Nobody really knows how voters think, especially during primary seasons when the policy differences are minute, but it wouldn’t be surprising if the cognitive chain went something like this:
After seeing a candidate for 100 milliseconds, voters make certain sorts of judgments based on expressiveness, facial structure, carriage and attitude. Alexander Todorov of Princeton has found that he can predict 70 percent of political races just by measuring peoples’ snap judgments of candidates’ faces.
Then, having formed an impression from these thin-slice appraisals, voters rack their memory banks. Decades ago, Kahneman and Amos Tversky argued that human judgment is less a matter of calculating probabilities and more a matter of trying to fit new things into familiar patterns. Maybe John Edwards reminds one voter of the sort of person he disliked in high school. Maybe Barack Obama evokes the elevated feeling another voter felt watching John F. Kennedy.

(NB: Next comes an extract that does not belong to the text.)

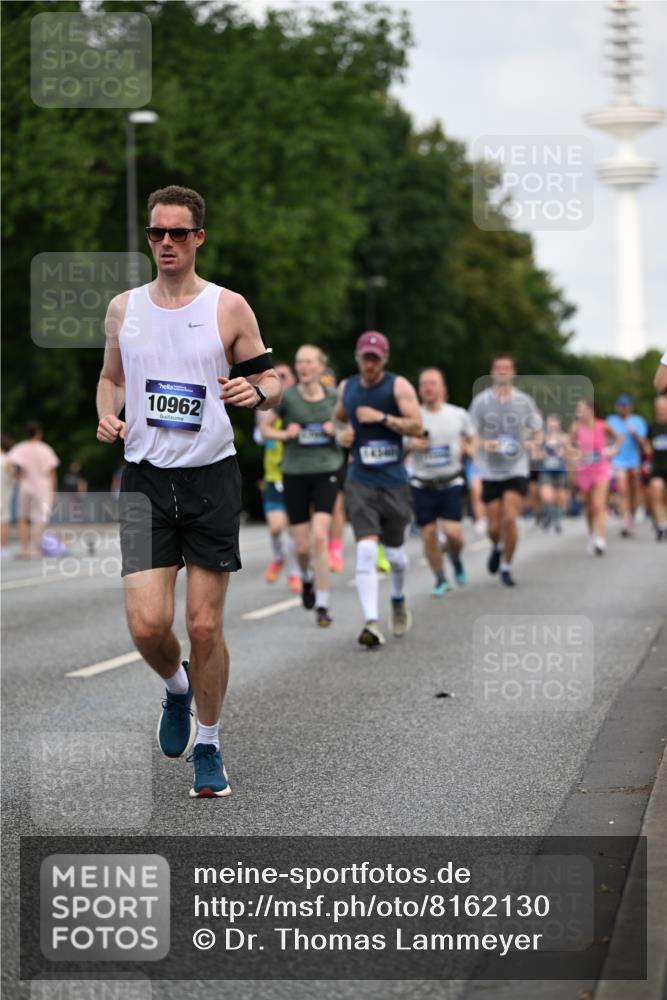 29.06.2025 - hella hamburg halbmarathon Dr. Thomas Lammeyer http://msf.ph/oto/8162130 29.06.2025 10:08:41 Kennedybrücke 1316, 1367, 1377, 1674, 2011, 2463, 2698, 3413, 4146, 4904, 5354, 5365, 5976, 6311, 6709, 8089, 8217, 9280, 10213, 10756, 10962 meine-sportfotos.de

It is no accident that the major candidates in the Republican field are a pastor, a businessman and a war hero. These are the three most evocative Republican leadership models. Nor is it an accident that the Democratic race is a clash between a daughter of the feminist movement, a beneficiary of the civil rights movement and a self-styled proletarian. These are powerful Democratic categories.

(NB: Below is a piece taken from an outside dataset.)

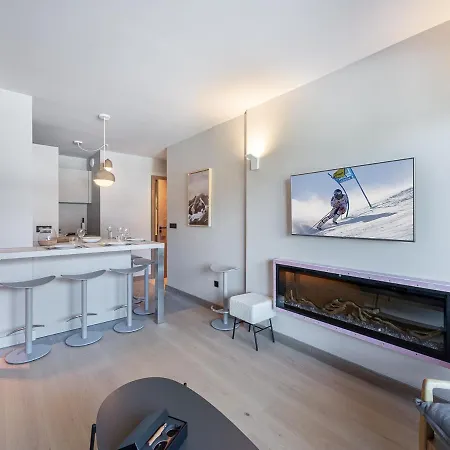 Avec Espace Bien-etre A Megeve, Piscine, Salle De Sport Et Parking Electrique - Fr-1-569-34 메게브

In making these associations, voters are trying to perform trait inference. They are trying to divine inner abilities from outward signs.

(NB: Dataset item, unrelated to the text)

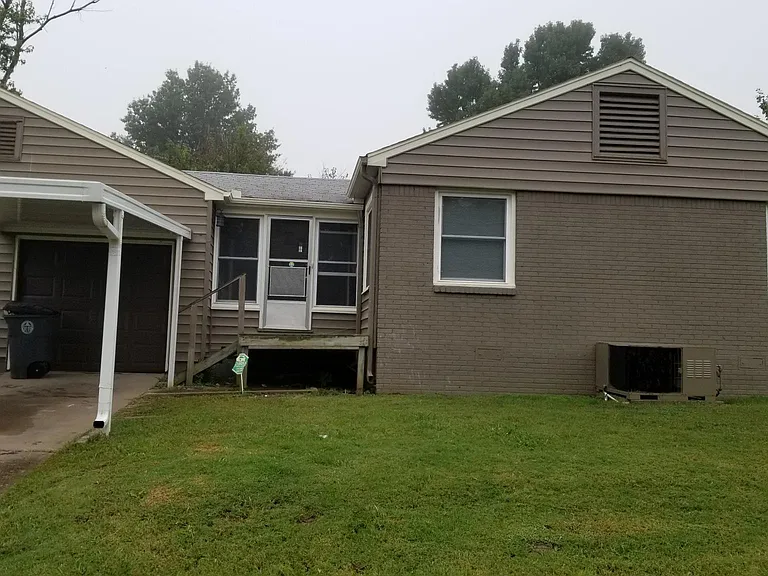 1233 N Phoenix Ave — Photo 3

At the same time, voters embark on an emotional journey with candidates. Antonio Damasio and Joseph LeDoux have shown that emotion isn’t the opposite of reason. We use emotion to assign value to things, thus making decision-making possible.
As the campaign drags on, voters see candidates at different events. Maybe at one event Mitt Romney smiled without dipping the outer edge of his eyebrows. This is a cue that the smile is fake, and produces distrust. On the other hand, maybe he vowed to bring all the manufacturing jobs back to Michigan. A voter might have known this was impossible, but appreciated the concern nonetheless.
As the months go on, emotions oscillate and voter preferences do, too. Voters listen to policy proposals and infer character traits. A social contagion like Obamamania might sweep the country. A global shock might set off a wave of fear, producing a powerful intellectual cascade.
Social tribes rally for and against certain candidates. Rush Limbaugh is currently going bananas because Mike Huckabee threatens to disrupt the community of conservative dittoheads he has spent decades cohering. Work by researchers at Stanford’s Business School suggests that the voting environment itself — in say a church or a school — can influence choices.
Each of us has an unconscious but consistent way of construing the world. Some of us light up when we see a candidate being intelligent, others when we see a candidate being friendly or sentimental. This is the mode we use every day to make sense of the world.
My own intuition is that this unconscious cognition is pretty effective. People are skilled at judging character. And through reading, thinking and close observation, they can educate their unconscious to make smarter and finer distinctions.
But if there is one lesson from this wacky primary season, it is that we analysts should be careful about imposing a false order on voter decision-making. We can do our best to discern how certain politicians are making connections with certain voters, but in that process we have as much to learn from William James as from political scientists and pollsters.